From the Curious to the Extraordinary, the ‘kunstkammer’ sale at Chiswick Auctions on May 6, included taxidermy by Simon ‘The Stuffa’ Wilson. The UK taxidermist produced the famous ‘Floating Giraffe’ that recently sold in the Aynhoe Park sale for a record-breaking £100,000. He sources animals that have died from natural causes from zoos and farms.

‘Floating’ animals apparently suspended by glass balloons are among his signature creations, with the Chiswick sale including both this gravity-defying juvenile zebra sold at £2200 (estimate £1000-1200) and a similar baby alpaca that made £500 (estimate £700-800).

4. David Hockney lithograph – £8000

David Hockney’s ‘Oz Obscenity Fund’ lithograph

David Hockney’s ‘Oz Obscenity Fund’ lithograph – £8000 at Halls.

Halls’ Modern and Contemporary timed auction, that ran online in Shrewsbury until May 9, featured a single owner collection of 12 etchings by David Hockney bought from galleries in the early 2000s.

It included this example of Hockney’s Oz Obscenity Fund lithograph, created in 1971 in support of the London editors of Oz magazine – Jim Anderson, Felix Dennis and Roger Hutchinson – who stood trial on charges of conspiring to corrupt public morals. Hockney created only 30 of these to raise money towards the legal costs of the trial, choosing to depict the three journalists naked to reflect their innocence. Numbered 11/30 and estimated at £2000-4000, it took £8000.

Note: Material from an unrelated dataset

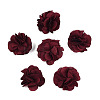 Polyester Fabric Flowers FIND-ZX004-11-02-1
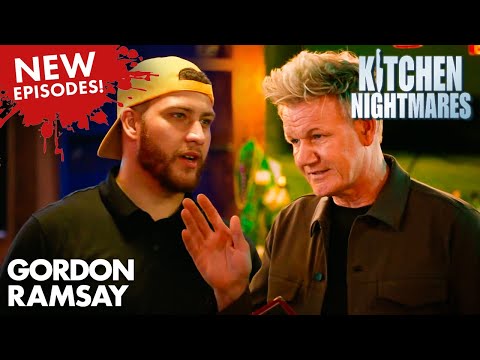 Gordon Discovers Chef Has NO Training! | BRAND NEW Kitchen Nightmares Compilation | Gordon Ramsay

5. Gibbes second edition – £7500

Sir Philip Gibbes second edition

‘Instructions for the Treatment of Negroes’ (1797) by Sir Philip Gibbes – £7500 at Cheffins.

In Instructions for the Treatment of Negroes (1797), author Sir Philip Gibbes (1731-1815) makes the case for the regulation rather than the abolition of slavery. He begins: “Although I sincerely lament the existence of the slave trade, I feel no repugnance in availing myself of the means it affords me of supplying by purchase the number of Negroes requisite for the management of my plantations. The practice and the principle are not irreconcilable.”

Gibbes, the owner of a large plantation in the West Indies, was a member of both the Barbadian Society for the Improvement of Plantership and the Society for the Propagation of the Gospel in Foreign Parts. He published several works on ‘responsible’ plantation ownership as the calls for abolition grew louder. This second edition of Instructions was reprinted a decade after the first (1786) with additions that drew on the writing of the physicist Sir Benjamin Thompson, Count Rumford.

In addition to the 19th century bookplate of William Markham, Esq. Becca Lodge, Yorkshire, this rare copy included a presentation inscription in ink to the Archbishop of York from Philip Gibbes dated May 1797.